Recorded data section start

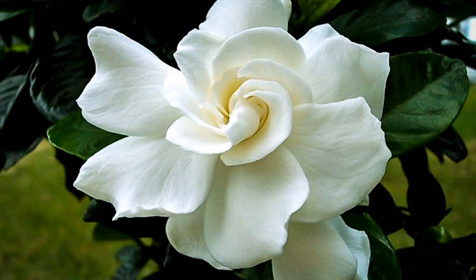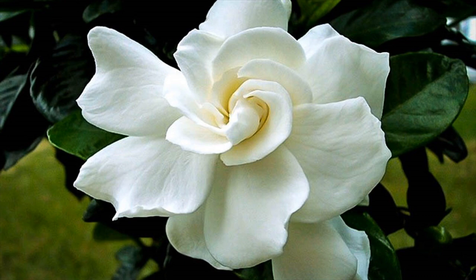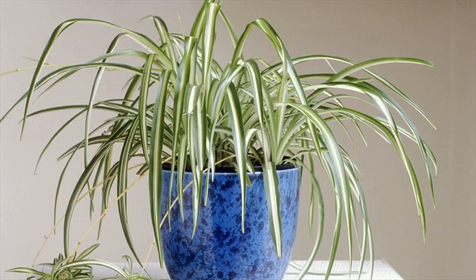Spider Plant. Not to be confused with the snake plant, the spider plant is also a champion cleanser of air. NASA tests showed it to remove around 90% of the potentially cancer-causing chemical formaldehyde from the air. Since formaldehyde is found in common household products like adhesives, grout, and fillers,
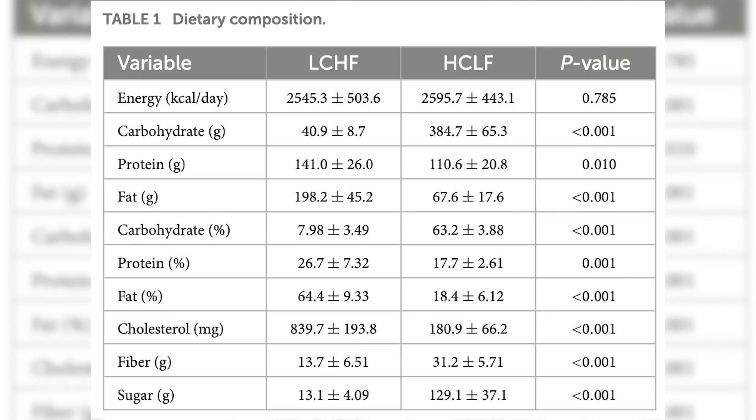They did each diet for one month with a washout period and then were tested. The nice thing about this study was that they were isocaloric, so participants were consuming the same total amount of calories regardless of how many carbohydrates or fats they were consuming. They assessed performance with a treadmill time trial as well as repeated sprints.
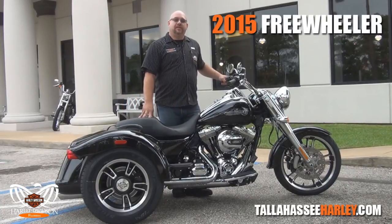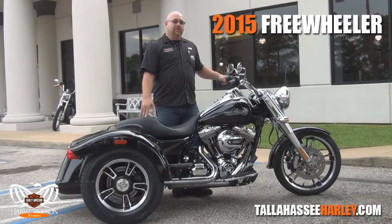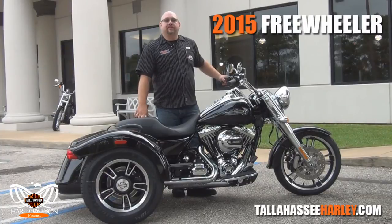Got the standard 103 cubic inch, high output, 6-speed transmission, new integrated ABS brakes coming to you right here at Tallahassee Harley-Davidson.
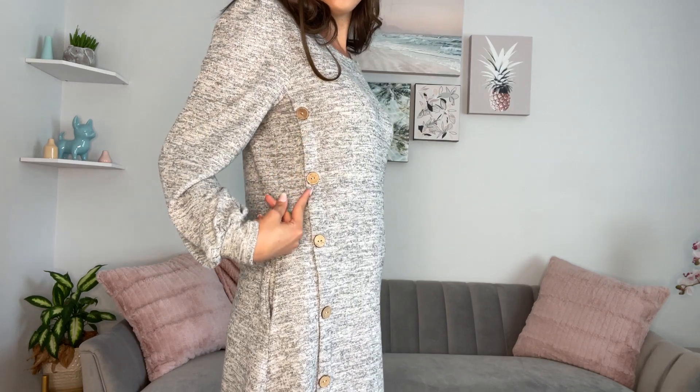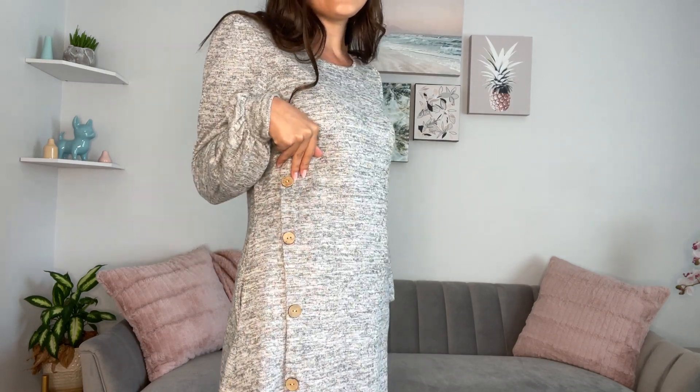I am 5'4", so you know if you're taller it's going to be a little shorter, but it's a perfect length. I love these button details. It does have kind of like the little puff sleeve that's super trendy right now with the cuff.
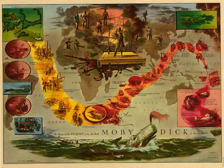* Though all comparison in the way of general bulk between the whale and the elephant is preposterous, inasmuch as in that particular the elephant stands in much the same respect to the whale that a dog does to the elephant, nevertheless, there are not wanting some points of curious similitude, among these is the spout. It is well known that the elephant will often draw up water or dust in his trunk, and then elevating it, jet it forth in a stream.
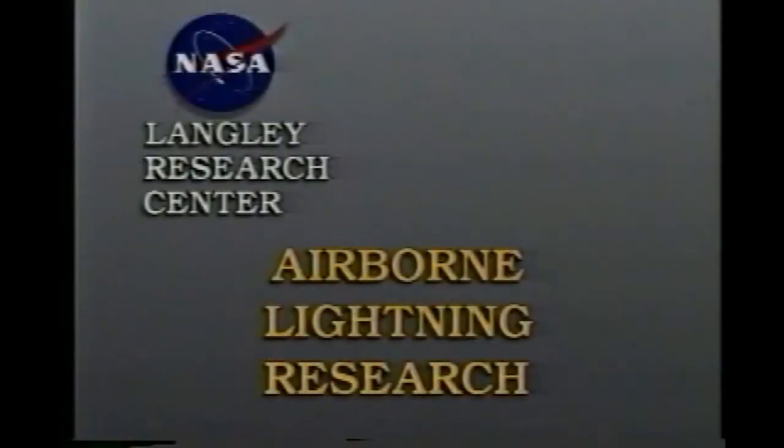The F-106 aircraft used in this program has been retired and is now on display at the Virginia Air and Space Center located in Hampton, Virginia.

Recorded data section end

Reproduce every record in full. Leave out the images.

> Answer to the exercise:
Spider Plant. Not to be confused with the snake plant, the spider plant is also a champion cleanser of air. NASA tests showed it to remove around 90% of the potentially cancer-causing chemical formaldehyde from the air. Since formaldehyde is found in common household products like adhesives, grout, and fillers,
They did each diet for one month with a washout period and then were tested. The nice thing about this study was that they were isocaloric, so participants were consuming the same total amount of calories regardless of how many carbohydrates or fats they were consuming. They assessed performance with a treadmill time trial as well as repeated sprints.
Got the standard 103 cubic inch, high output, 6-speed transmission, new integrated ABS brakes coming to you right here at Tallahassee Harley-Davidson.
I am 5'4", so you know if you're taller it's going to be a little shorter, but it's a perfect length. I love these button details. It does have kind of like the little puff sleeve that's super trendy right now with the cuff.
* Though all comparison in the way of general bulk between the whale and the elephant is preposterous, inasmuch as in that particular the elephant stands in much the same respect to the whale that a dog does to the elephant, nevertheless, there are not wanting some points of curious similitude, among these is the spout. It is well known that the elephant will often draw up water or dust in his trunk, and then elevating it, jet it forth in a stream.
The F-106 aircraft used in this program has been retired and is now on display at the Virginia Air and Space Center located in Hampton, Virginia.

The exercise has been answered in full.